Directions for this task
From the listing below, reproduce exactly the lines starting with the one with "1011 Robinson Creek" and going on through the one with "2 in 1Auto Veiligheid", both ends kept. No picture is copied.

Provided entries
----------------------------------------

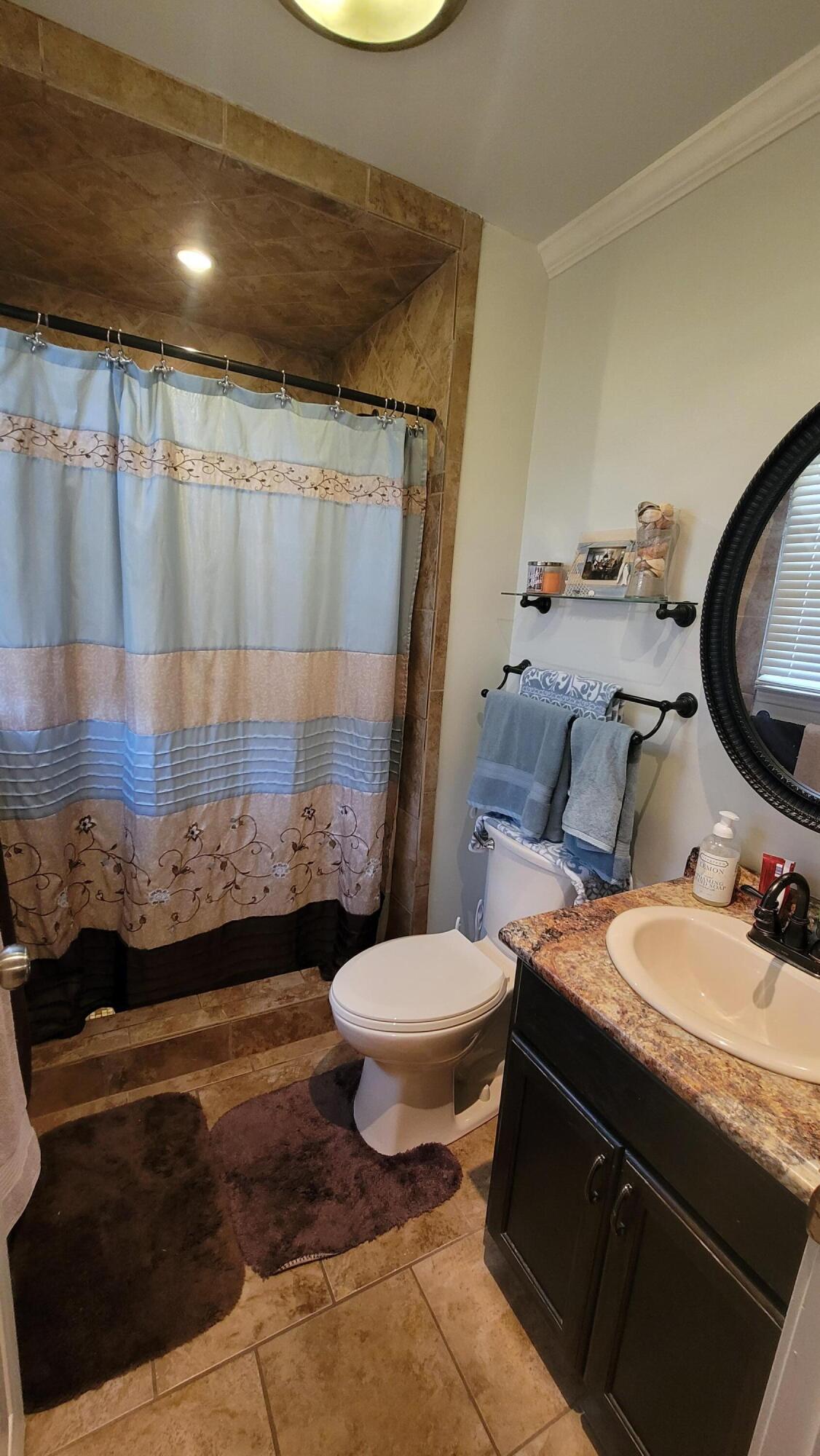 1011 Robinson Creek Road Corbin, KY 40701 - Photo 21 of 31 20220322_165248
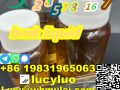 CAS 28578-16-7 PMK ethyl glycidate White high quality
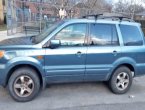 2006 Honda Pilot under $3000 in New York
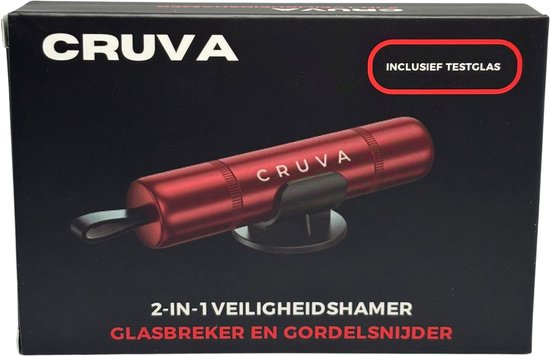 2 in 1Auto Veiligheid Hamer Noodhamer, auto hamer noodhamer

----------------------------------------

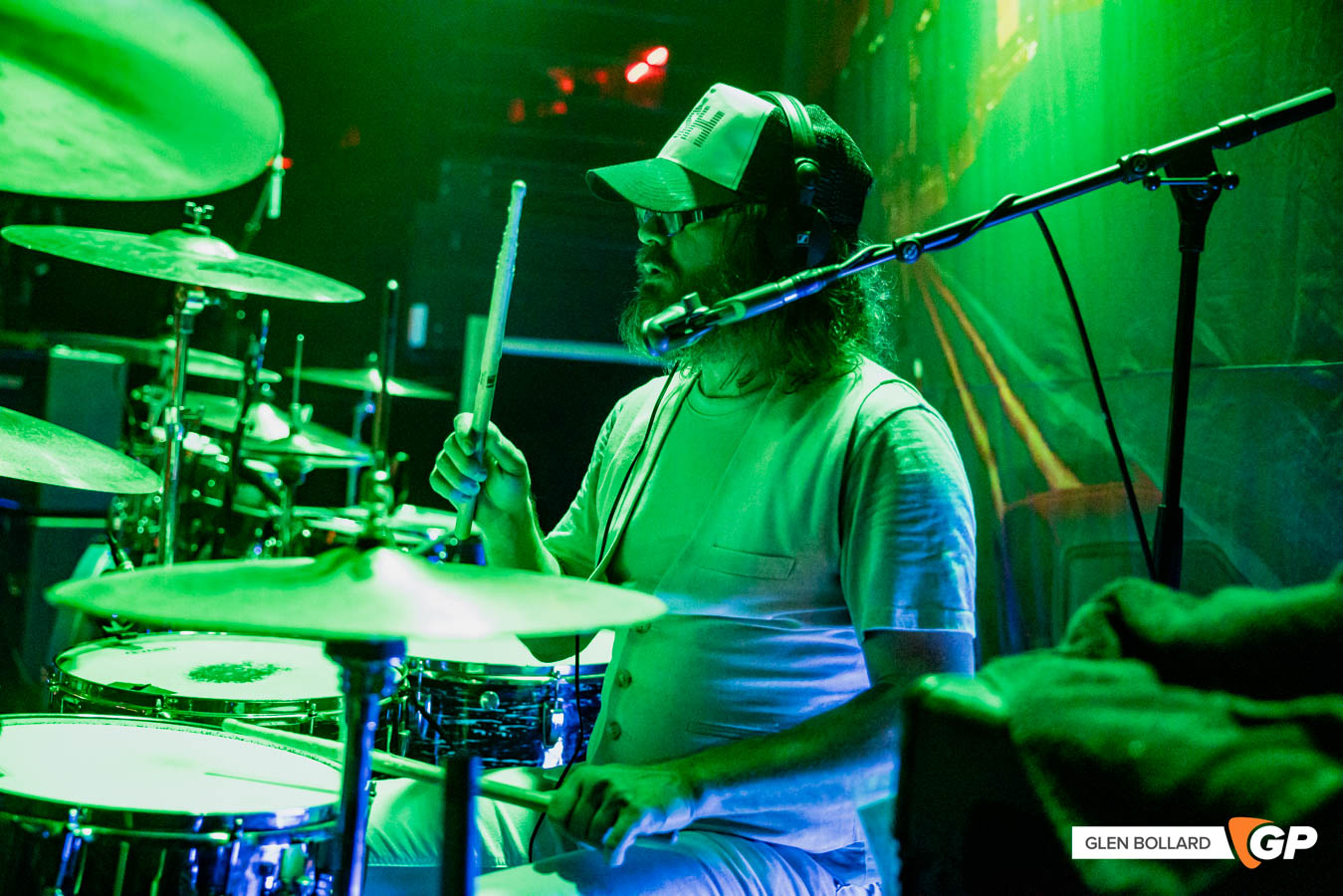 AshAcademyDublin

----------------------------------------

Exercise result
 1011 Robinson Creek Road Corbin, KY 40701 - Photo 21 of 31 20220322_165248
 CAS 28578-16-7 PMK ethyl glycidate White high quality
 2006 Honda Pilot under $3000 in New York
 2 in 1Auto Veiligheid Hamer Noodhamer, auto hamer noodhamer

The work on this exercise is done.